Kedua, pembagian kekuasaan pemimpin wilayah Kurdistan ke tiga lembaga pemerintahan wilayah itu dapat menjadi program untuk mengubah sistem politik Kurdistan Irak. Hal ini berarti pos pemimpin Kurdistan akan dihapus dan wilayah ini akan menyaksikan perubahan sistem politik dari presidensial ke parlementer.
Jika Parlemen Kurdistan memang punya rencana seperti itu, maka hal tersebut menjadi bukti ketidakpuasan mereka terhadap kinerja sistem presidensial, pasalnya kinerja Masoud Barzani adalah bukti bahwa dirinya membawa wilayah Kurdistan ke dalam sistem diktatorisme personal dan partai.

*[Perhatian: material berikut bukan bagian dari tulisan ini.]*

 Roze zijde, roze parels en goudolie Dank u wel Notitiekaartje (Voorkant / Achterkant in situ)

Salah satu indikasi diktatorisme ini adalah pola perilaku Barzani terhadap institusi pemerintahan lain di Kurdistan.
Selain menentang pemilu pemimpin wilayah Kurdistan selama empat tahun karena kepentingan pribadinya, Barzani juga membekukan aktivitas parlemen, bahkan melarang masuk ketua parlemen Kurdistan ke pusat wilayah itu yaitu Erbil. Perilaku melanggar Barzani yang lain adalah menyelenggarakan referendum pemisahan diri Kurdistan dari Irak, yang dilakukan atas dasar sikap keras kepala dan mengabaikan nasehat tokoh-tokoh Kurdistan, Irak dan kawasan.

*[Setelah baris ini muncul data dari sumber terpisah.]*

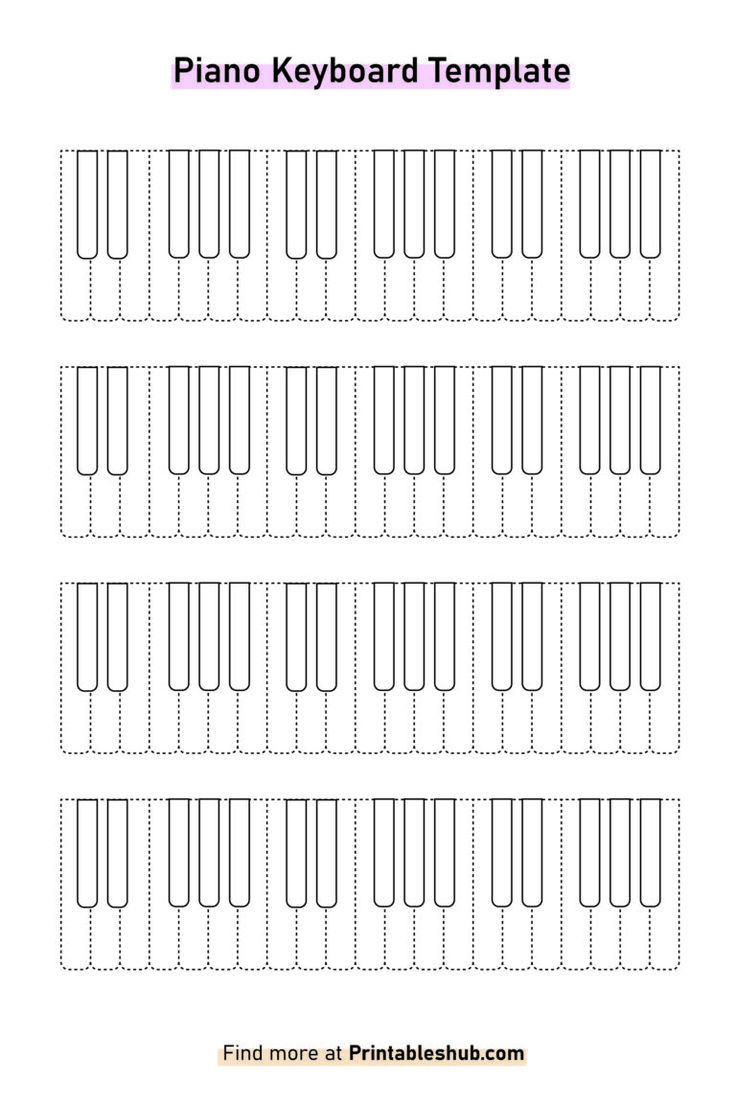 Printable Blank Piano Keyboard Templates Dotted Keys intended for FREE Printable Blank Piano Keyboard Template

Buah kebijakan Barzani selama empat tahun terakhir adalah pecahnya konflik internal di wilayah Kurdistan, melemahnya posisi wilayah ini dalam struktur kekuasaan Irak yang berujung dengan munculnya separatisme dan tersingkirnya pribadi Barzani sendiri dari struktur kekuasaan wilayah Kurdistan.
Perubahan sistem politik Kurdistan dari presidensial ke parlementer dinilai dapat mencegah munculnya permasalahan semacam itu, karena dalam sistem politik ini, posisi pemimpin wilayah akan dihapus dan perdana menteri dipilih oleh parlemen. Pada saat yang sama perdana menteri dan kabinetnya harus bersumpah di hadapan parlemen. Akhirnya sistem ini diharapkan bisa mencegah munculnya "pemain tunggal" di arena perpolitikan Kurdistan.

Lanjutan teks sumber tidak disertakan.